“The FDA’s actions represent serious impediments to the right of agency employees to make protected disclosures about waste, fraud, abuse, mismanagement, or public safety,” wrote Grassley, who demanded that the agency release a copy of the memo authorizing the surveillance and the name of the FDA official who requested it.
FDA spokeswoman Erica Jefferson said that the agency is looking into the matter. She said that the surveillance was limited in scope and reiterated that it was relegated to government computers. “We did not impede or interfere with any employee communication to Congress, their staff, media or federal investigators,” she said.
The disclosure marked the latest turn in an investigation of the FDA’s past efforts to monitor the communications of a group of its doctors who were expressing concerns about the safety of medical devices. As part of the effort, the FDA secretly collected thousands of private e-mails that the employees sent to one another, members of Congress, journalists, lawyers and others.
The FDA acknowledged Friday that targeted surveillance of five employees began in mid-2010, but it said that was not ongoing today, according to a letter sent to Grassley by Jeanne Ireland, the agency’s assistant commissioner for legislation. The FDA said Monday that the computer surveillance was limited to five employees. But an internal document shows that the agency targeted at least seven employees beginning in 2010.
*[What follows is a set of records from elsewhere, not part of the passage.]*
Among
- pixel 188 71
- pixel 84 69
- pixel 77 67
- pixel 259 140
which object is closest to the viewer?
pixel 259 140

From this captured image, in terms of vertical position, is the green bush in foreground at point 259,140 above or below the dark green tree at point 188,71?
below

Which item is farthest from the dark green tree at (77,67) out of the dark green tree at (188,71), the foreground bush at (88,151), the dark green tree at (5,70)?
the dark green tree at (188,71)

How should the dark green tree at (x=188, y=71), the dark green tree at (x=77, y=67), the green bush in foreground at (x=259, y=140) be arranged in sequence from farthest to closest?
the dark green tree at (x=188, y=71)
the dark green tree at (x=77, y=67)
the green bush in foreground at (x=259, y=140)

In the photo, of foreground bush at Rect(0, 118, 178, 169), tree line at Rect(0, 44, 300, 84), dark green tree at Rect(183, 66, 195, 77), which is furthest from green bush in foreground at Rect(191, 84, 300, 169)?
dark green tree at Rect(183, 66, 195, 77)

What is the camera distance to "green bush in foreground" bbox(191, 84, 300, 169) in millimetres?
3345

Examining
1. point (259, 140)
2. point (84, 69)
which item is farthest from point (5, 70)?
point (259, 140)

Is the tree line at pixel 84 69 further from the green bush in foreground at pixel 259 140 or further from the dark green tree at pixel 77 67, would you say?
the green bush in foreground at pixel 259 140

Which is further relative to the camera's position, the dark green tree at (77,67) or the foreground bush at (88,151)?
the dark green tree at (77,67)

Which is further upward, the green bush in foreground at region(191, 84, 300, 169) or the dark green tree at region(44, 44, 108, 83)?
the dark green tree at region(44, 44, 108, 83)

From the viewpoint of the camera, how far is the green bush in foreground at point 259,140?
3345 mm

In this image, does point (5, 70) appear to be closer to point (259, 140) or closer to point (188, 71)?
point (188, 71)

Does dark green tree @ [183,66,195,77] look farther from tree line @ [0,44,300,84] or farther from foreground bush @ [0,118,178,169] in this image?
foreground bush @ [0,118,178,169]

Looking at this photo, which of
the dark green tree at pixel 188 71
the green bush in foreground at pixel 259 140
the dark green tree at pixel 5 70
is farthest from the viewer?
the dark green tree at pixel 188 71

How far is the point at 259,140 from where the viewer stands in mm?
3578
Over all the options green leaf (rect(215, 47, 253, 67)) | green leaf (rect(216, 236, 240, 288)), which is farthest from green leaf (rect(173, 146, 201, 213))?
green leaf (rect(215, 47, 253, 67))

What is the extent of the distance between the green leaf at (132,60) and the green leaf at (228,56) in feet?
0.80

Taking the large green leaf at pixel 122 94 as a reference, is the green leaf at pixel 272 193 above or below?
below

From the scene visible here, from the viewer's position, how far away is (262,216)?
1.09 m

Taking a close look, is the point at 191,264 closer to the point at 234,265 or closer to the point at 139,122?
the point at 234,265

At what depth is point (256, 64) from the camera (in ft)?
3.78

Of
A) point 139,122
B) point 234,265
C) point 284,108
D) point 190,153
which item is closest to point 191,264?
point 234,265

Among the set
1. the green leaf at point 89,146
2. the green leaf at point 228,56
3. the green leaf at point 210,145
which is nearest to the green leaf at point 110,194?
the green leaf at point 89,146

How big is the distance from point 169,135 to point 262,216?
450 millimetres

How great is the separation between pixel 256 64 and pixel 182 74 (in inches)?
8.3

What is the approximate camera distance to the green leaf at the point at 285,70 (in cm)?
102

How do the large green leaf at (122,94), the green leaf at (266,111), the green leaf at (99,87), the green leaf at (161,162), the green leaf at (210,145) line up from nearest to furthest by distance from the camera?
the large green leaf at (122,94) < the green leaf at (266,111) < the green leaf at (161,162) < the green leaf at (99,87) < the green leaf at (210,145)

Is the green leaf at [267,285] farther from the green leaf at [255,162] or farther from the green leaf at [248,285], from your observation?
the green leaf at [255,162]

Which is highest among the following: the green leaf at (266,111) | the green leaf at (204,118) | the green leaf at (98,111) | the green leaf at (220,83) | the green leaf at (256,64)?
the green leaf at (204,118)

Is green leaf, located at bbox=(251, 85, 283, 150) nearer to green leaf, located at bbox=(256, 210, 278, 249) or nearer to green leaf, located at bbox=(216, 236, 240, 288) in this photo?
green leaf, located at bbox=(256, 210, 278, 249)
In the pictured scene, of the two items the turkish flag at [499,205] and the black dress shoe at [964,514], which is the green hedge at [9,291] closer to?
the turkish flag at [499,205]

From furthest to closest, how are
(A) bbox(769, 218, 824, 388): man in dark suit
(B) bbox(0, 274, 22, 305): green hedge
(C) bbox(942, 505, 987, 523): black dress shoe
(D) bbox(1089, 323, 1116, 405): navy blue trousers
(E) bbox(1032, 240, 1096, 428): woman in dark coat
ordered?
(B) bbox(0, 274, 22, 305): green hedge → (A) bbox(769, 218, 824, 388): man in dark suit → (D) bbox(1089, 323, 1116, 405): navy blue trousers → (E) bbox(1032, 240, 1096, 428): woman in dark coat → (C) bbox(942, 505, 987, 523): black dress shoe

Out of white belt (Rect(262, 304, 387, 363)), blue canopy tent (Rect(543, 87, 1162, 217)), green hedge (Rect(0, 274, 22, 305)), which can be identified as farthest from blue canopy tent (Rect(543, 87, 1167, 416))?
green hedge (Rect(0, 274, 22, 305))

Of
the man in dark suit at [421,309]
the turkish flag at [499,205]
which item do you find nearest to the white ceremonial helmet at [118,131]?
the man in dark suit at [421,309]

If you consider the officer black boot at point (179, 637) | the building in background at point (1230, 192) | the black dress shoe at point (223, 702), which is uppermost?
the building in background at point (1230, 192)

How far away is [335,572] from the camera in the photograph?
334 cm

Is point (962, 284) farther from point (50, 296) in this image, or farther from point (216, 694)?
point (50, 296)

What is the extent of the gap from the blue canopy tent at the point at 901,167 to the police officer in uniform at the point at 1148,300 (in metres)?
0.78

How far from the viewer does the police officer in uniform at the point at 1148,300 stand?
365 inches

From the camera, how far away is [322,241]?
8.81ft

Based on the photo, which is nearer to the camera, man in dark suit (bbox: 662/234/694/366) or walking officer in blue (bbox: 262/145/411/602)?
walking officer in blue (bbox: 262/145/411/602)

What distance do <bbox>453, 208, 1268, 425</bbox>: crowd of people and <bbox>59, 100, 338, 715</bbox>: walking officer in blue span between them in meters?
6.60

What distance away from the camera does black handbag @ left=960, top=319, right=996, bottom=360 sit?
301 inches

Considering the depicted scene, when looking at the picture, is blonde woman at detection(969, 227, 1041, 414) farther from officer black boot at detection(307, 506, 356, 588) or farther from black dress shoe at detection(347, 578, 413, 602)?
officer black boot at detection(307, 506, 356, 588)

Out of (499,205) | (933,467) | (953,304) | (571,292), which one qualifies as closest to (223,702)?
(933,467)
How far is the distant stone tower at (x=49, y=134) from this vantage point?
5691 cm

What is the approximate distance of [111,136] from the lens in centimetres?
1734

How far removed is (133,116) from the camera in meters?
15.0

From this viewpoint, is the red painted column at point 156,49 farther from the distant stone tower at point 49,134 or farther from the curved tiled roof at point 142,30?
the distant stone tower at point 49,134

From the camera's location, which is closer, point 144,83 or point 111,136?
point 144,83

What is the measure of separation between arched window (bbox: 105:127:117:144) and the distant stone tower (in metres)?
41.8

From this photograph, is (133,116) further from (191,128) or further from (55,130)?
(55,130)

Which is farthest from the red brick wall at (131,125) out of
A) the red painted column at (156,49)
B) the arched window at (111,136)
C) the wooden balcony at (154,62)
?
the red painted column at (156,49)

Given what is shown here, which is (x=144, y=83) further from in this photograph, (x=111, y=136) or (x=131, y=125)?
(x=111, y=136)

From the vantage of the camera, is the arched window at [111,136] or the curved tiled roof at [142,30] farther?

The targeting of the employees’ communications, including e-mail and other online activities, was reported by The Washington Post in January. The agency monitored personal e-mail accounts accessed from government computers, took electronic snapshots of computer desktops and reviewed documents saved on hard drives.
The New York Times reported over the weekend that the scope of the surveillance was wider than first suspected, with the agency creating a database of 80,000 pages of computer documents collected from the scientists’ communications.
The database, apparently posted inadvertently online by an FDA contractor, included an FDA “scoping” document of targets for future e-mail interception that included congressional staff members. Also captured were draft complaints being prepared by the scientists to the Office of Special Counsel, an independent federal agency that investigates disclosures of government wrongdoing and retaliation against those who report it.
The OSC is investigating the FDA’s monitoring of its employees.
In June, OSC special counsel Carolyn Lerner warned federal agencies that monitoring their employees’ personal e-mail violated the law if the intent was to retaliate against whistleblowers. The White House distributed her warning to agencies across the government, an acknowledgment by the Obama administration that there are limits to employee surveillance.
Two years ago, the FDA’s parent agency, the Department of Health and Human Services, reminded it that employees have a right to air their concerns to Congress and journalists. The reminder accompanied a rejection by the HHS inspector general of the FDA’s request that it pursue a criminal investigation of the scientists’ activities.
Grassley, a member of the Senate Judiciary Committee, has been seeking answers from the FDA since January on the extent of the surveillance and who authorized it. On Friday, he accused the agency of “stonewalling” him after officials there responded to his inquiries by saying in a letter they are “still identifying and gathering evidence” in the matter.
“It is simply not credible that FDA went to such great lengths over the course of two years to monitor employees’ personal e-mail accounts, then spent six months crafting a reply to my questions about it, and yet still cannot identify who authorized the spying,” he said.
FDA computers post a warning to users, visible when they log on, that they should have “no reasonable expectation of privacy” in any data passing through or stored on the system, and that the government may intercept any such data at any time for any lawful government purpose.
Internal documents obtained under the Freedom of Information Act by the scientists, some of whom have been fired, show that the FDA was concerned that they had improperly disclosed confidential business information about several medical devices used to screen patients for colon cancer and breast cancer.
According to documents, the agency used software sold by SpectorSoft of Vero Beach, Fla., which is marketed to employers as a way to monitor “everything [employees] do,” including taking snapshot videos of the user’s computer screen, and sending instant alerts based on specific keywords, program activity and printing. SpectorSoft says that it can create reports on how users are communicating with one another, who is leaking confidential information or trade secrets, and who is transferring data to removable media such as USB drives.
The scientists who were targeted in the FDA’s effort have filed suit against the agency for violating their privacy and right to free speech.
“Given the public health and safety nature of the concerns raised by these doctors and scientists, any authorization by the chief counsel would be startling, disturbing and should result in a swift investigation,” said Stephen M. Kohn, an attorney for the scientists.
The extent of similar surveillance by other government agencies is unclear.
The Federal Maritime Commission, an independent agency that regulates international ocean transportation for U.S. exporters and importers, is under investigation by a House committee for spying on the personal e-mail communications of several employees with grievances against the commission’s management.
The commission apparently also used SpectorSoft software, said Rep. Darrell Issa (R-Calif.), chairman of the House Committee on Oversight and Government Reform, who opened an investigation of the agency in May.